El gobierno griego pretende desalojar Idomeni porque es consciente de que el lugar es una bomba de tiempo.
“Cuanto más pasen los días, con la cantidad de gente que hay y las condiciones en las que están, lo lógico es que la violencia aumente”, dijo a Télam un asesor de seguridad del Acnur en este campo.
No obstante, este experto cree que no es necesario incrementar la presencia policial. “No ayudará en nada, estas personas ya están bajo mucha presión y el trabajo de los agentes antidisturbios es de protección, no van a explicarles que están perdiendo su tiempo”, afirma.

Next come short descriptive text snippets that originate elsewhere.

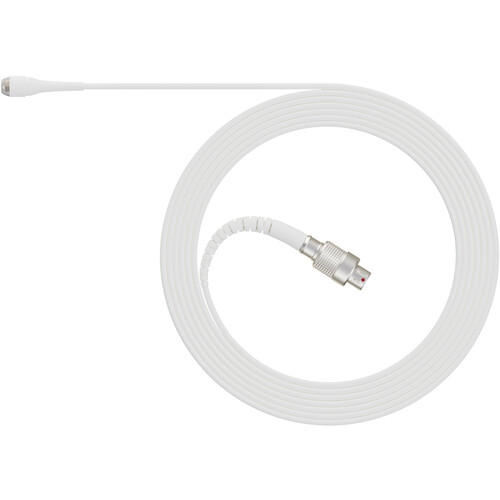 DPA Microphones 4061 CORE+ Low-Sensitivity Omni Lavalier Microphone with 3-Pin LEMO Adapter for Lectrosonics SSM & Sennheiser SK Transmitters (White)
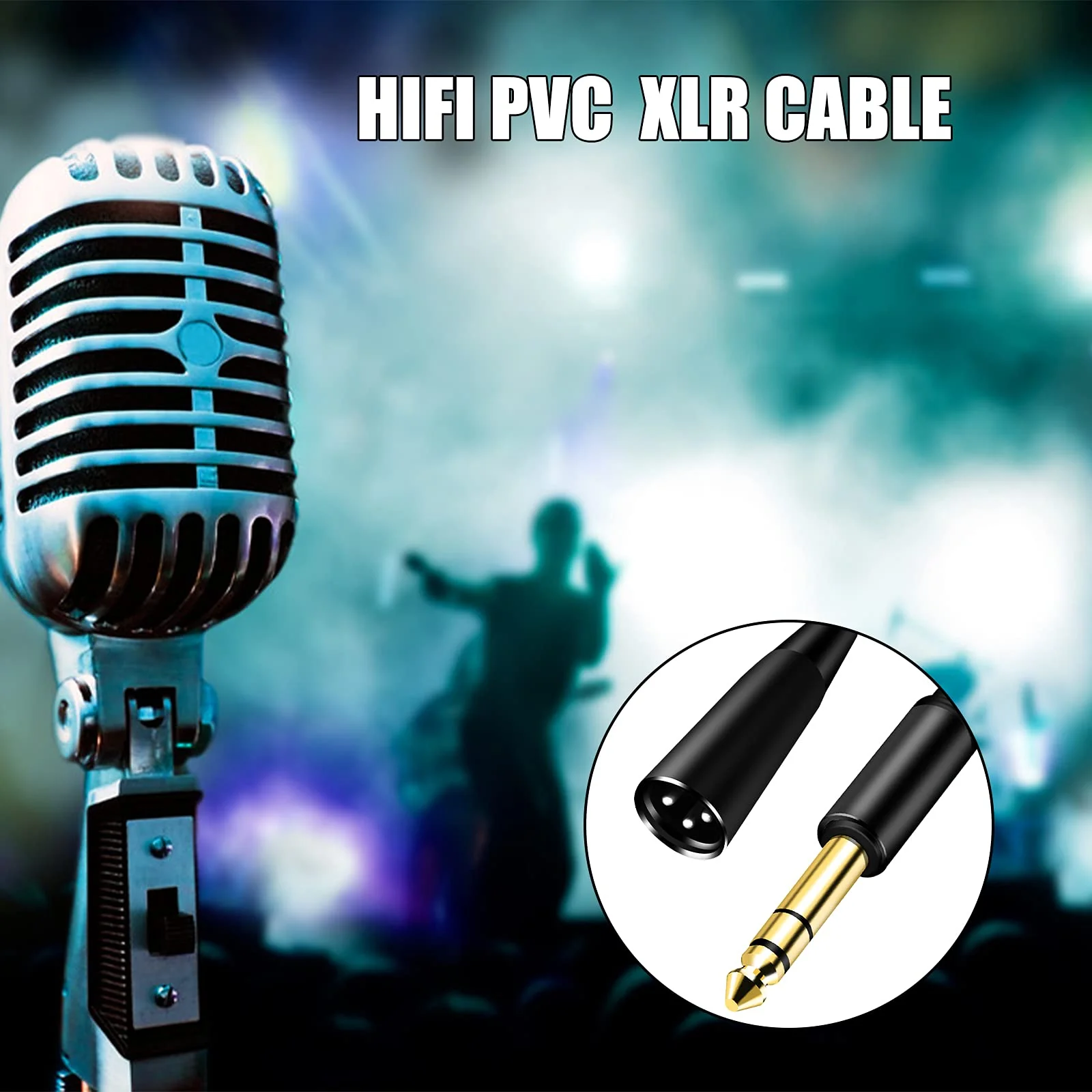 1/4 Inch TRS to XLR Cable 10Ft 2pack, 6.35mm Male to XLR 3 pin Male Balanced Cable,for Microphone, Audio Mixer, Speaker, Studio and More 10Ft-[2pack] - Image 6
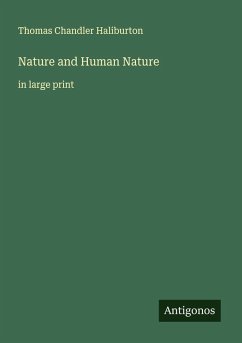 Cover Nature and Human Nature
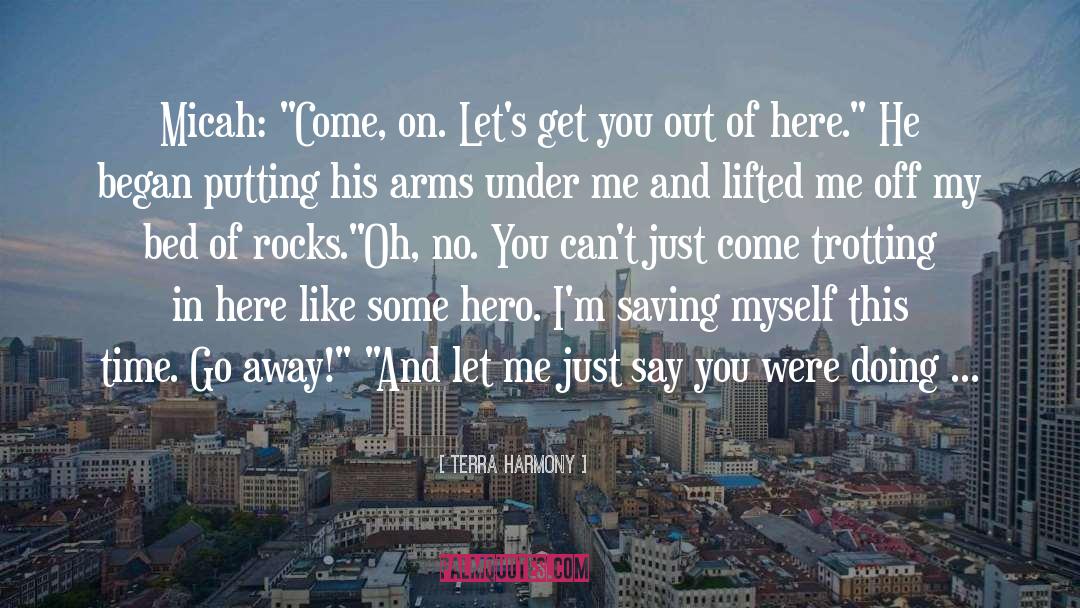 Don 27t Let Me Go quotes by Terra Harmony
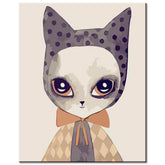 Painting by Numbers Woman Fox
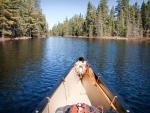 Looking back (north) on Angleworm Lake toward portage from Home Lake.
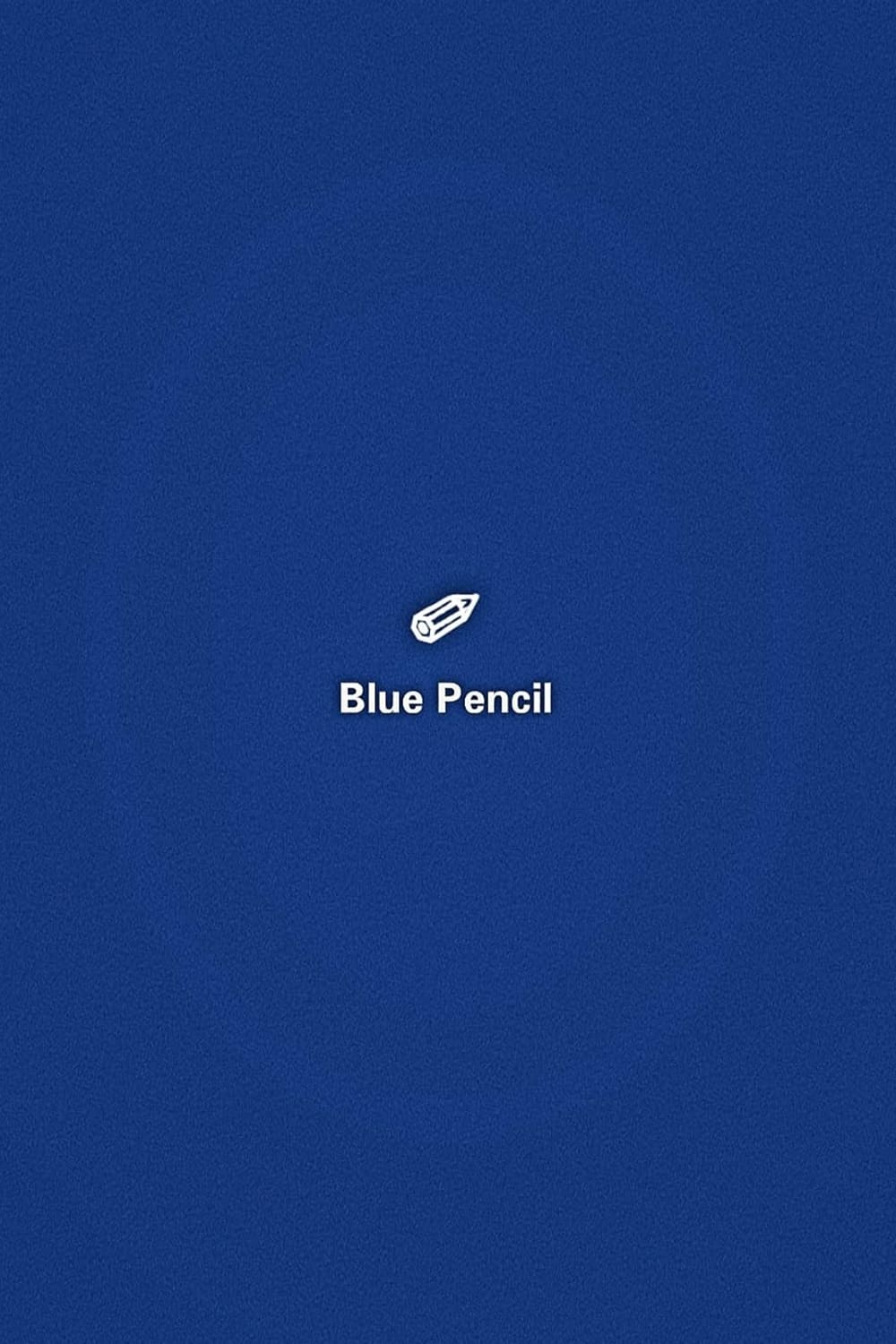 blue pencil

Hace apenas tres días las autoridades pusieron en marcha un proceso de “relocalización” voluntario de los refugiados se Idomeni, pero apenas unas 800 personas abandonaron este campo de refugiados para instalarse en otros que en principio deberían estar en mejores condiciones. Este martes lo hicieron 50 personas, según Acnur.
La gran mayoría se niega a abandonar Idomeni. Nur Khzam y su familia son algunos de los que se quedan.
“Llevamos un mes y cinco días aquí. Es verdad que todo está mal, en la noche hace mucho frío, pero aún nos queda un poco de dinero para conseguir comida extra, así que nos quedaremos”, sostiene Nur, que es maestra, y todas las mañanas ayudar a impartir clases a los niños en el campamento.
Además, dice que está acostumbrada a cocinar en una fogata, en el suelo, porque en Deir Ezzor, cerca de la frontera con Irak, y en el último año estuvo viviendo en condiciones “muy precarias”.
Con ella viaja también la novia de su hijo, que es profesora de piano y espera reencontrarse con él en Alemania para formar una familia.
“Es lo único que quiero”, asegura, esperanzada. “En Siria él estudiaba ingeniería y en Alemania está trabajando en una empresa constructora”, explica sobre su futuro marido.
Kaula, que es iraquí, sí que quiere irse de Idomini, pero tiene miedo. “Estoy sola con 5 niños, mi marido está en Alemania y me dijo que me vaya a otro campamento, pero viajo con mis vecinos y ellos no se quieren ir”, argumenta.
“No tengo más dinero, uno de mis hijos está enfermo, el lunes por la noche tenía mucha fiebre y tengo miedo que le pase algo, que pueda morir”, dice afligida.
Ni a la familia de Nur ni a la mayoría de sus vecinos de carpa les han dicho claramente cuál es su situación. Prácticamente todos los refugiados e inmigrantes que están aquí cuentan con una carta, con un número que indica que son solicitantes de asilo, pero nada más. No han iniciado ningún proceso formal de asilo.
Algunas personas están en el programa de la Unión Europea (UE) que les permitirá viajar a otros países europeos, pero otros ni siquiera están inscriptos. “Hay que llamar a un número de Skype pero nadie responde”, se queja Mohamed, un joven ingeniero sirio de 29 años.
A Mohamed se le está acabando el dinero y las esperanzas: “No puedo quedarme mucho más, esto no es vida”, afirma. “Prefiero volver, morir en Alepo, que hacerlo en este lugar”, añade, ponderando no solo abandonar Idomeni sino regresar a Siria. “Al menos lo intenté”, apunta con la mirada un poco perdida.
Pero mientras este joven baja los brazos, otros muchos acumulan ira. Y el cansancio, la desilusión, la impotencia de tantos miles de seres humanos -reducidos por las autoridades a una cifra-, está creando una tormenta que puede ser más poderosa que la que no logró acabar con Idomeni en las últimas semanas, cuando el frío y las lluvias volvieron a convertir este lugar en un pantano insalubre e inhabitable.